**TASK OBJECTIVE:** Write out, word for word, the part of the listing below that opens with the line containing "2026 Chevrolet Silverado 3500HD High Country" and closes with the line containing "Beyblade X Chapter 40 page 56", keeping both of those lines and adding no others.
-- DATASET follows --
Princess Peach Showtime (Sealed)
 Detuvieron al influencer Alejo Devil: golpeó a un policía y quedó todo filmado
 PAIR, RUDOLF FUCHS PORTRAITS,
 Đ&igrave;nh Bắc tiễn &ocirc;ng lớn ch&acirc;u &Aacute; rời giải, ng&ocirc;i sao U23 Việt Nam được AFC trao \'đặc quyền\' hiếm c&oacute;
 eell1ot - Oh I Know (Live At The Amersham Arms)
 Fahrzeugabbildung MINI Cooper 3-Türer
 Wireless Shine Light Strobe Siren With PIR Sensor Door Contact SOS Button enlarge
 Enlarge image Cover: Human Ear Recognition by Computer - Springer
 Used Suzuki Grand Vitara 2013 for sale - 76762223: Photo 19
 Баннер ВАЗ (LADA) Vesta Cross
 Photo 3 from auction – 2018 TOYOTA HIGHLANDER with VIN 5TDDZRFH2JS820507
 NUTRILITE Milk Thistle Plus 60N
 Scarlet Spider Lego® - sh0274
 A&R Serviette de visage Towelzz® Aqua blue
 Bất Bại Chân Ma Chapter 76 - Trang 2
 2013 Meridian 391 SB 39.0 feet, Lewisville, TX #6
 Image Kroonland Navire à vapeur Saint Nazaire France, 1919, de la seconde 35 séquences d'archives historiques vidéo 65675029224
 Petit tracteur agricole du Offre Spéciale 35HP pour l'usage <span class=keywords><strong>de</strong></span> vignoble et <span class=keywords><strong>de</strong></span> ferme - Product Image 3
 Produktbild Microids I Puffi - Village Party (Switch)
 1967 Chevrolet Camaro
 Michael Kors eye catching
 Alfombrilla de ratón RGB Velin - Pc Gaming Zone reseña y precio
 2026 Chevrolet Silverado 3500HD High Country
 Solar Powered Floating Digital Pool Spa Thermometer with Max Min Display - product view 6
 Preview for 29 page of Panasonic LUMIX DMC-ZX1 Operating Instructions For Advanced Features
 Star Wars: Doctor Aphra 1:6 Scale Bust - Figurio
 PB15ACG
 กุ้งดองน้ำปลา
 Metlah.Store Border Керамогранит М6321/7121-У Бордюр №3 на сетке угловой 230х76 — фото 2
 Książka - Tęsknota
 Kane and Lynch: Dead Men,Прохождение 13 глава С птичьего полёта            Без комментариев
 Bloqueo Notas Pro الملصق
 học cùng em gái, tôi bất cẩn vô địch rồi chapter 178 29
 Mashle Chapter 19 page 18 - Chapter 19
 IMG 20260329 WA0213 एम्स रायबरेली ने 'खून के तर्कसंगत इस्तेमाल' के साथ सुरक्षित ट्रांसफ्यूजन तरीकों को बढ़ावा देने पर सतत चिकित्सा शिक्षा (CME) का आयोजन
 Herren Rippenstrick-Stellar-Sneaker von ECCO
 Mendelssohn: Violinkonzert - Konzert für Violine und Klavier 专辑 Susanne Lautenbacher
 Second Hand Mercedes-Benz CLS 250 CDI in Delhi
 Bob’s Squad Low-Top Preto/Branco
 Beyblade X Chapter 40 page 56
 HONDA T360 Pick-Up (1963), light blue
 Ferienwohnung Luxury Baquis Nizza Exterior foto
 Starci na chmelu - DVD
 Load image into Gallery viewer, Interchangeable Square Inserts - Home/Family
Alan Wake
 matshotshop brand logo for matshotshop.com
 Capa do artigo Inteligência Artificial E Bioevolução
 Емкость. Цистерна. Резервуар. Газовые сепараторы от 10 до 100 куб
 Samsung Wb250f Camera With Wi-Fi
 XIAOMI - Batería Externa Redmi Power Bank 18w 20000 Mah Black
-- DATASET concluded --
**TASK RESPONSE:**
 2026 Chevrolet Silverado 3500HD High Country
 Solar Powered Floating Digital Pool Spa Thermometer with Max Min Display - product view 6
 Preview for 29 page of Panasonic LUMIX DMC-ZX1 Operating Instructions For Advanced Features
 Star Wars: Doctor Aphra 1:6 Scale Bust - Figurio
 PB15ACG
 กุ้งดองน้ำปลา
 Metlah.Store Border Керамогранит М6321/7121-У Бордюр №3 на сетке угловой 230х76 — фото 2
 Książka - Tęsknota
 Kane and Lynch: Dead Men,Прохождение 13 глава С птичьего полёта            Без комментариев
 Bloqueo Notas Pro الملصق
 học cùng em gái, tôi bất cẩn vô địch rồi chapter 178 29
 Mashle Chapter 19 page 18 - Chapter 19
 IMG 20260329 WA0213 एम्स रायबरेली ने 'खून के तर्कसंगत इस्तेमाल' के साथ सुरक्षित ट्रांसफ्यूजन तरीकों को बढ़ावा देने पर सतत चिकित्सा शिक्षा (CME) का आयोजन
 Herren Rippenstrick-Stellar-Sneaker von ECCO
 Mendelssohn: Violinkonzert - Konzert für Violine und Klavier 专辑 Susanne Lautenbacher
 Second Hand Mercedes-Benz CLS 250 CDI in Delhi
 Bob’s Squad Low-Top Preto/Branco
 Beyblade X Chapter 40 page 56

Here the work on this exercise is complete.